Dean Foster is in the forecasting business. More specifically, he is in the business of ensuring the forecasts Amazon makes for its supply chain are as accurate as possible.
Foster, a research scientist, works in the company’s Supply Chain Optimization Technologies (SCOT) organization. “Our main focus is trying to predict what customers will buy before they buy it,” he said. “We need to make sure that we know what people want so we can find it, get it moved across the country, and have it sitting there waiting when a customer places an order.”
Forecasting what customers might want at any given time, at scale, is inherently complex. One of the ways those forecasts are strengthened is by a concept known as calibration — a topic that Dean has researched extensively.
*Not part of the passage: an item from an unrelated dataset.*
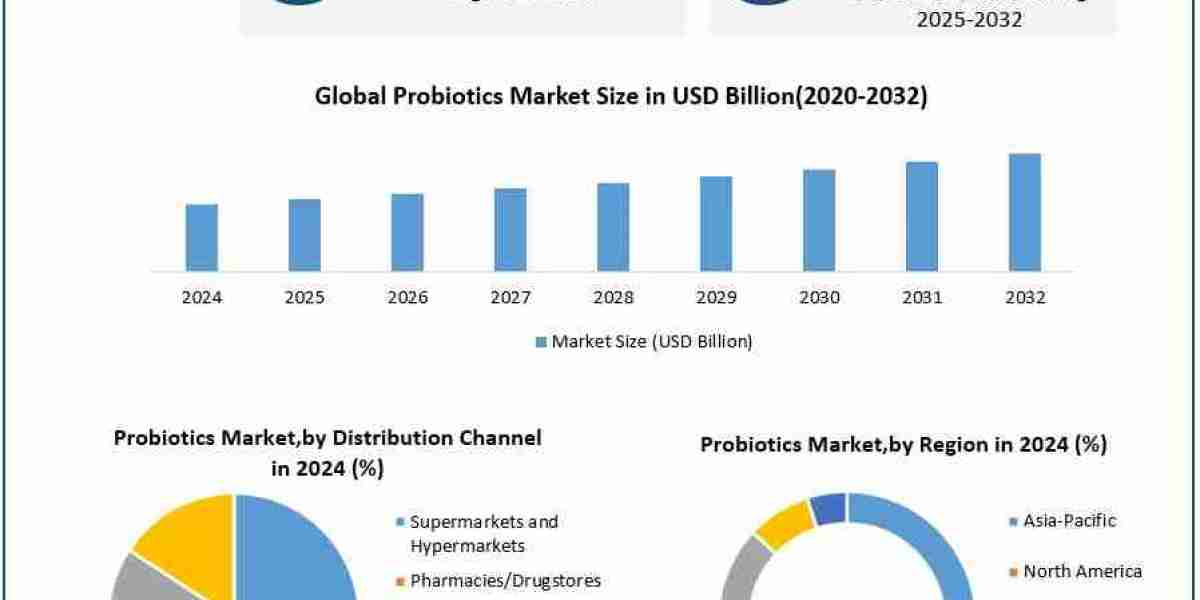 Regional Insights and Forecast for the Global Probiotics Market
In fact, a paper he co-authored with Rakesh Vohra 23 years ago, “Calibrated Learning and Correlated Equilibrium”, was honored this week with the Test of Time Award at the 21st ACM Conference on Economics and Computation.
The award, presented by the conference’s award committee, “recognizes the author or authors of an influential paper or series of papers published between ten and twenty-five years ago that has significantly impacted research or applications exemplifying the interplay of economics and computation.”
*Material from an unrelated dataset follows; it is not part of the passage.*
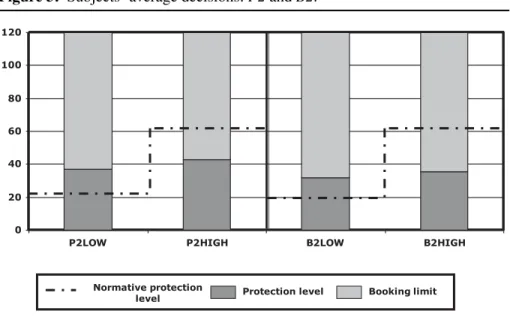 Figure 3: Subjects’ average decisions: P2 and B2. 020406080100120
Foster and Vohra’s paper “spurred a sizeable theoretical literature,” notes Steve Tadelis, an Amazon Scholar and economist. It has also won praise for its influence on games played by learning agents, addressing a question emanating from an idea proposed by the famed mathematician John Forbes Nash Jr.
“If we have two different agents learning to play each other, they learn to play an equilibrium,” Foster said. “Nash came up with a fixed point and argued equilibriums exist. But the question, ‘Why would people play them?’ was open.” In other words, the actions of human beings are neither neat nor uniformly predictable. “You are not a simple creature, so modeling your behavior as if you’re going to do the exact same thing today as you’ve done every other day of your life is just wrong,” he says.
Foster and his coauthor, Rakesh Vohra, now a professor at the University of Pennsylvania, set out to account for some of that complexity by including arbitrary sequences when utilizing calibration.
Calibration, in this context, involves comparing a prediction against its actual outcome, measuring the difference between the two and then adjusting as needed. By learning from previous comparisons, prediction models can be calibrated to more accurately match outcomes.
“Not being calibrated is an embarrassment,” Foster said, “You should fix it! If I were trying to predict what nature was going to do, say rain or shine tomorrow, and suppose nature only has one goal in life—make me look stupid—in spite of that, I can still use calibration to figure out an accurate forecast.”
Foster notes that while that explanation may seem hyperbolic, it is particularly relevant to machine learning.
“That idea of calibration and doing predictions when the world’s out to get you, is now relatively standard in machine learning. It grew out of connecting a lot of computer science,” he explains. “In computer science, for most things that you can prove, you can show the worst case and the average case are about the same. So the worst possible data for a sorting algorithm is about as hard to sort as a typical problem for sorting. We took that model and said, ‘Well, is it true in statistics?’ And that’s where this idea came from. That you can make these predictions that are every bit as good, even when nature is out there trying to fool you.”
That idea has roots in game theory, an area in which calibration is particularly useful. Game theory assumes your opponent is attempting to fool you, for example, a chess player who wants you to think your queen is in danger when it really isn’t. Making errant predictions (or forecasts) means you will lose more frequently. Alternately, calibrated predictions can help you win more often.
“With a calibrated forecast, if I believe someone will take some action two-thirds of the time and two-thirds of the time they actually do that, I can now know two-thirds is the right answer,” he says. “And I can trust that I won’t have to go back and say, ‘Well, most of time, it landed the other way…’ It’s landing the way I thought it was going to land.”
Foster noted that calibration also helps ensure that forecasts aren’t tripped up by things like sample sizes. “A way to describe calibration for our forecast is that, after we announce the forecast, someone else shouldn’t be able to come along and say, ‘Hey, if you made that forecast 20% larger it would be more accurate.’ Calibration is a check to make sure that you haven’t left an easy, low-hanging fruit modification around.”
As to the future of forecasting, when it comes to supply chain optimization, Foster sees lots of potential. He is particularly excited about Amazon’s expanded usage of reinforcement learning, a machine learning approach focused on maximizing cumulative reward.
“I’ve been working on how to take a more economic viewpoint,” Foster said. “How do we connect the forecast to the economic decisions that we make so there’s a more integrated approach? We’re trying to do this by applying more reinforcement learning techniques.”
For all of the citations and accolades his paper has earned, it didn’t start smoothly. “When we first tried to publish the paper, it was a shock enough in statistics journals that it was rejected several times,” Foster recalled. “One referee said, ‘You’re trying to predict the unpredictable.’” In a way, he still is.